Buying a car is not a small purchase. Whether you opt for car financing, strike a part-exchange deal at the dealership or pay for it in full with cash, your next car could be the biggest purchase you ever make in your lifetime – after your home.
With everything from running costs to maintenance and servicing to consider, securing the best deal that works for you and won’t break the back is essential.
Whether you’re new to finance or it’s time to upgrade your vehicle, here’s how to finance your next car the right way:
Purchasing a car with a cost-effective mindset
First things first. Before you stroll down to your local forecourt or contact a dealer or private seller, you need to set a clear budget. That means looking carefully at your bank statements. What are you spending each month?
By figuring out how much each of your essential payments is costing you, such as rent, mortgage, food, utility bills etc., you’ll quickly see how much extra cash you have at the end of each month. Then, you need to consider the following:
- Road tax
- Running costs
- Maintenance & repairs
From there, you need to establish whether you want to go electric or stick to a traditional internal combustion engine (ICE) vehicle, as this will have a significant impact on your fuel costs.
Do your research
Now you know how much you can afford, do your research. Check out online reviews from leading motor enthusiasts and weigh up your needs vs wants. For example, you might need a family car, but you want it to look stylish and have a decent fuel economy.
Once you’ve discovered the type of car you want, do a comparison price search. Find out the rough ballpark of how much you should expect to pay either new at the dealership or from the second-hand market. That way, you have all the information you need before coming face to face with a seller, and there’s no room for being ripped off too.
Weigh up your options
Ok, so you’ve got your budget in mind, and you may even know the car you want, but now you need to think carefully about how you are going to pay for your new vehicle. To minimise interest and other charges down low, here are 5 ways to get the most out of your next car:
Cash & Savings
If you’re in the fortunate position to pay for the entire cost of a car outright with money saved in the bank, then you’ve found the golden ticket! Paying with cash ensures a one-off payment with zero interest attached and eliminates any extra fees.
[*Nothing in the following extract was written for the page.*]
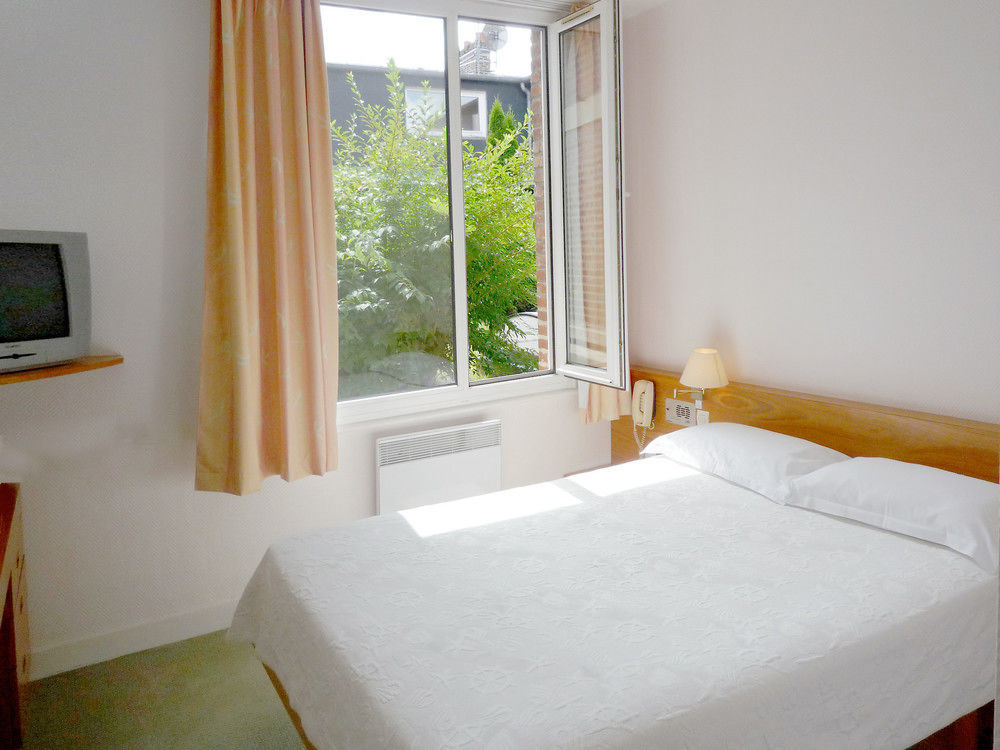 Hotel & Restaurant Le Cardinal Poix-de-Picardie エクステリア 写真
But, paying with cash does have its drawbacks:
- Can leave a significant dent on your bank balance
- May not include manufacturer warranties
- Servicing is unlikely to be included
- If something goes wrong with your car, you may be left with a large repairs bill
Perhaps the cheapest option when it comes to car finance, a personal loan allows you to make small monthly repayments that won’t leave you high and dry by the end of the month. Generally, you are expected to place a 10% deposit for your chosen vehicle before making your repayments.
While many buyers will make the mistake of paying for their new vehicle on their credit card or assume that the dealership is offering the best finance package, a personal loan will almost always offer better value.
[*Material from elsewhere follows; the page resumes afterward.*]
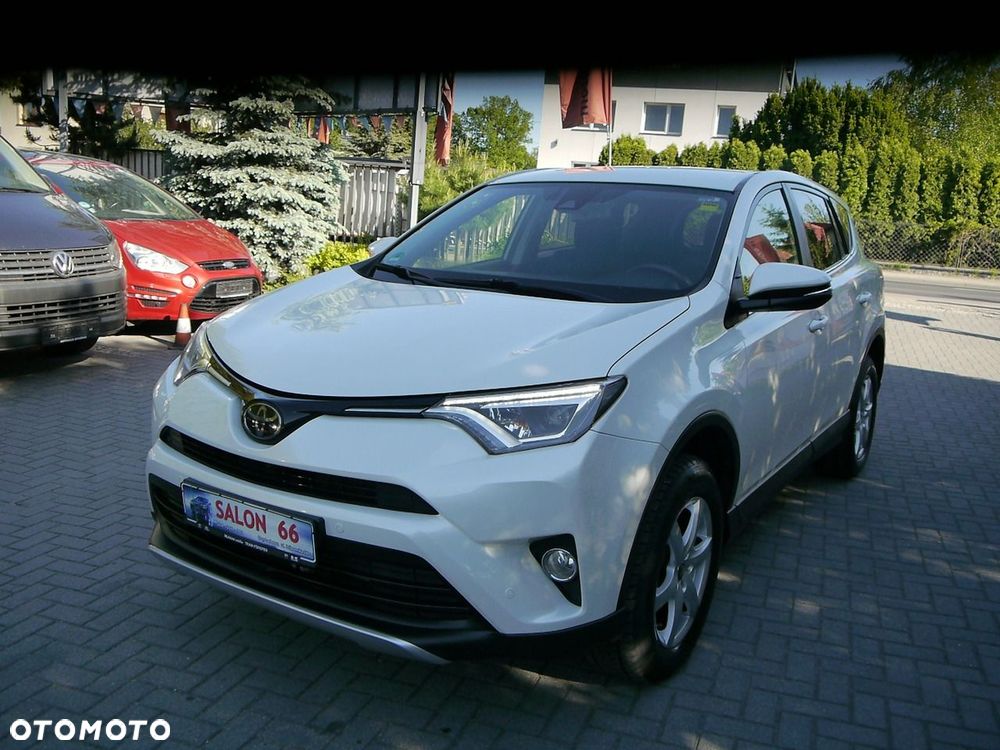 Toyota RAV4 2.0 D-4D Premium 4x2 - 4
What’s more, you can apply online from reputable lenders with little effort on your part.
Secured against the car itself, hire purchase is becoming an increasingly popular way to finance your vehicle. Typically, you put down a 10% deposit and then pay the rest of your balance off in small instalments over a fixed term.
While you can expect competitive rates for longer-term agreements, you won’t own the car until you have made your final “balloon” payment. But with the manufacturer’s warranty and servicing included, you can save yourself time and money at the garage and stay on the road for longer.
Personal Contract Plan
Similar to Hire Purchase, a Personal Contract Plan (PCP) allows you to put down a deposit and then make your small monthly repayments over a fixed term. However, this mode of finance enables you to pay the difference between the original selling price and the vehicle’s resale price at the end of your agreed term (typically 1-3 years.)
Once your PCP contract is all paid up, you can either give the car back to the seller, no strings attached. Alternatively, you can pay the resale price and keep the vehicle or use it as part payment towards a new car.
Everything has its own cost, and a personal lease is no different. You get all the perks of paying set instalments each month for a fixed period of time (usually 3 years), and you get all maintenance and servicing thrown in for the price. What’s more, you don’t have to worry about depreciation, and you’ll know exactly how much you are paying each month.
The catch? You don’t get to keep the car at the end of your agreed lease term – which is a plus for some, as it means you get to switch your vehicle more often without any extra concerns. However, a significant deposit is usually involved (at least 25%), and you need to stick to your agreed mileage limits to avoid any extra charges.
There’s hope for all
Car financing is hands down the most affordable way to purchase a car. Not only are the costs covered by your loan, but more often than not, you can be driving away in your dream vehicle on the same day your loan is approved.
But what about drivers who struggle to get approved? Or have no credit history at all?
The good news is, there is a range of reputable bad credit car finance specialists out there who look at your individual circumstances. So even if you have a CCJ (Country Court Judgement), are self-employed or have faced bankruptcy before, they will look at the bigger picture of what you can reasonably afford.
Affording your next dream car has never been more affordable. With the right car financing option at your fingertips, you’ll be behind the wheel in no time.